Mengubah emisi karbon dioksida menjadi senyawa yang mengandung karbon lainnya sangat diharapkan karena kontribusi karbon dioksida terhadap efek rumah kaca dan pemanasan global. Contohnya berkisar dari proses alami, seperti tanaman yang mengubah CO2 menjadi oksigen dan gula, menjadi buatan manusia, seperti menyuntikkan karbon dioksida ke dalam formasi batuan untuk dijadikan mineral karbonat.
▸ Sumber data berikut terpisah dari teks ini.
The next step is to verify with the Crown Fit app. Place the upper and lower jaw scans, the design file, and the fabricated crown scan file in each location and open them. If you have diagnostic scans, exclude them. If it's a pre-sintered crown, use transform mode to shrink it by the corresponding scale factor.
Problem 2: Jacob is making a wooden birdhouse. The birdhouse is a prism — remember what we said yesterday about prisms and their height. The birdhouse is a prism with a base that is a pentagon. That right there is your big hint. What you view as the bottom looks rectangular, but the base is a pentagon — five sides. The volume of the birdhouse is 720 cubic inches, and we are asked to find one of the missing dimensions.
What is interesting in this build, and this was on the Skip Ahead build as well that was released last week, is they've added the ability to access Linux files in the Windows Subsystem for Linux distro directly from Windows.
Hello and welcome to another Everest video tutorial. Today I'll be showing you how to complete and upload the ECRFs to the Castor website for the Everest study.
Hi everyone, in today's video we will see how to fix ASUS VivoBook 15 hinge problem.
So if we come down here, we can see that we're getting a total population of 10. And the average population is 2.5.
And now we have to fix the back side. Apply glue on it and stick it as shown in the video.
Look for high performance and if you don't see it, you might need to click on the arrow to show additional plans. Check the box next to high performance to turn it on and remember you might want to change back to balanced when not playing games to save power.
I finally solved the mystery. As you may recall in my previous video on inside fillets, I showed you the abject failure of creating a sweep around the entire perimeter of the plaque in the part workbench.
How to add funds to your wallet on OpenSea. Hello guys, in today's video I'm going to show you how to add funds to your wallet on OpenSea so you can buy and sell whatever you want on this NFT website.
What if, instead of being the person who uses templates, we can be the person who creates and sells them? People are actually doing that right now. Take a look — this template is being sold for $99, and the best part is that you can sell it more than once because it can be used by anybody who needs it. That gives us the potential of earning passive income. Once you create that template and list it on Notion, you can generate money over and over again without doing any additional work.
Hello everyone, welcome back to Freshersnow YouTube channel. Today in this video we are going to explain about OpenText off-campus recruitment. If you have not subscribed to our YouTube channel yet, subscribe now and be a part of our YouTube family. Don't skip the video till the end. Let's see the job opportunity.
Para peneliti menemukan strategi fiksasi karbon ketika mereka mencoba untuk mengisi ulang prototipe baterai lithium-CO2. Alih-alih sepenuhnya meregenerasi ion lithium dan CO2 dari karbonat dan karbonat lithium yang dihasilkan selama pelepasan baterai, seperti yang akan terjadi dengan baterai Li-CO2 reversibel, litium karbonat terdekomposisi, menghasilkan karbon tambahan, serta gas oksigen yang tidak terisolasi. Karena reaksi cepat dengan elektrolit baterai. Biasanya, penumpukan semacam ini menyebabkan degradasi fisik dan mengurangi umur fungsional untuk baterai, namun demikian, pengendapan karbon padat memiliki keuntungan tersendiri, menunjukkan pendekatan yang menjanjikan untuk memperbaiki karbon dalam bentuk stabil dan mudah dibuang.

"Apa yang mengesankan tentang pekerjaan ini adalah kemungkinan untuk mengonversi sepertiga spesies CO2 menjadi karbon dengan efisiensi energi teoritis tinggi di atas 70%," kata editor ilmiah Joule Rahul Malik. "Arsitektur baterai adalah cara yang tak terduga tapi menarik untuk melihat fiksasi karbon."

Sejak menghasilkan padatan karbon, keduanya menyadari fiksasi karbon menurunkan kinerja baterai, para peneliti tidak dapat secara bersamaan memenuhi kedua tujuan tersebut dalam satu perangkat tunggal. Namun, dengan memasukkan sejumlah kecil logam rutenium ke dalam rancangannya sebagai katalis, mereka dapat menghindari pengendapan karbon yang ekstensif dan mendorong reversibilitas yang lebih baik, mengubah alat penguat karbon mereka menjadi baterai Li-CO2 yang berfungsi.

Tantangan yang tersisa untuk kedua fiksasi karbon dan kinerja baterai adalah beralih dari CO2 murni ke udara sekitar, sebuah lompatan yang berpotensi memungkinkan untuk mengobati CO2 di atmosfer dalam kasus pertama dan akan maju ke arah lithium-air yang secara teoritis kuat namun tidak stabil. Teknologi baterai dalam kasus kedua. Teknik fiksasi mungkin juga disesuaikan untuk menggosok gas berbahaya atau polusi lainnya seperti karbon monoksida, sulfur dioksida, oksida nitrat, dan nitrogen dioksida dari atmosfer, kata Zhou.

Ke depan, para periset juga akan mengembangkan potensi sistem mereka untuk mungkin mengarah pada pengubahan karbon dioksida menjadi gas karbon dan oksigen murni. "Mencapai pelepasan gas oksigen saat pengisian, ditambah dengan akumulasi karbon padat, akan mewujudkan strategi fiksasi karbon dioksida elektrokimia yang serupa dengan fotosintesis," kata Zhou.